JOINT BASE PEARL HARBOR-HICKAM, Hawaii – Defense Secretary Jim Mattis announced Wednesday that he is renaming U.S. Pacific Command to U.S. Indo-Pacific Command, in recognition of the “increasing connectivity” between the Indian and Pacific Oceans.
“Over many decades, this command has repeatedly adapted to changing circumstance and today carries that legacy forward as America focuses West,” Mattis said at Joint Base Pearl Harbor-Hickam.
Mattis made the announcement at a ceremony marking a change of command at Pacific Command (Pacom) from Pacom Commander Adm. Harry Harris to new Indo-Pacom Commander Adm. Philip Davidson.
The name change reflects the Trump administration’s focus on the Asia Pacific as a priority theater, and concern with China’s increasing deployment of weapons to disputed territories in the South China Sea.
While the Obama administration announced an Asia “pivot” or “rebalance,” the wars in Iraq and Afghanistan ultimately took precedence over that plan throughout the president’s tenure.
Trump Pentagon officials say that instead of saying the U.S. is going back to anything, they are stating what the reality is.
“Having grown up in Washington state, one of five with a Pacific Ocean coastline, and looking out over the vast expanse of ocean during yesterday’s flight, I was reminded that the United States is today and has been for two centuries a Pacific nation,” Mattis said at the ceremony.
“America’s national defense strategy, a roadmap for America’s military, acknowledges this reality, taking a clear-eyed look at the world as it is, not how we would wish it to be,” he said.
The Trump administration’s National Security Strategy named China a strategic competitor, and the Pentagon’s National Defense Strategy has focused on competition with China and Russia.
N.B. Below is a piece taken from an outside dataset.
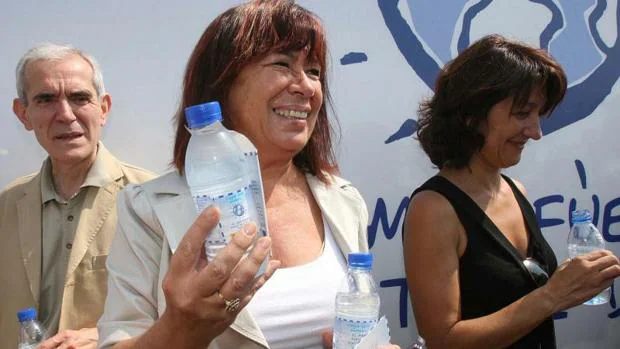 Narbona gastó un millón de euros en botellines de agua desalada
Mattis did not mention China, but referenced its One Belt One Road initiative, which lends developing nations large sums of money to build infrastructure China could potentially seize if the often strict loan repayment terms are not met.
“America’s vision is shared by most nations in the region,” Mattis said. “A region open to investment and free, fair, and reciprocal trade not bound by any nation’s predatory economics or threat of coercion, for the Indo-Pac has many belts and many roads,” he said.
Mattis said the National Defense Strategy, is not a “strategy of confrontation,” however. “Rather, it is a balance of idealism, pragmatism, and cooperation.”
“We will continue to seek opportunities for cooperation and open dialogue with our competitors when it aligns with our international interests and the interests of allies, partners and stability – and always seeking peace from a position of strength,” he said.
Harris, who is nominated to become the next U.S. Ambassador to South Korea, said at the ceremony that North Korea was the most “imminent threat,” but China was the biggest “long-term” challenge.
“Great power competition is back,” he said.
The name change will almost certainly roil China, but U.S. officials downplay that it is directed at China and say it is a reflection of the reality that the U.S. is a Pacific nation with five states that border the Pacific Ocean and a number of U.S. allies in the Asia Pacific.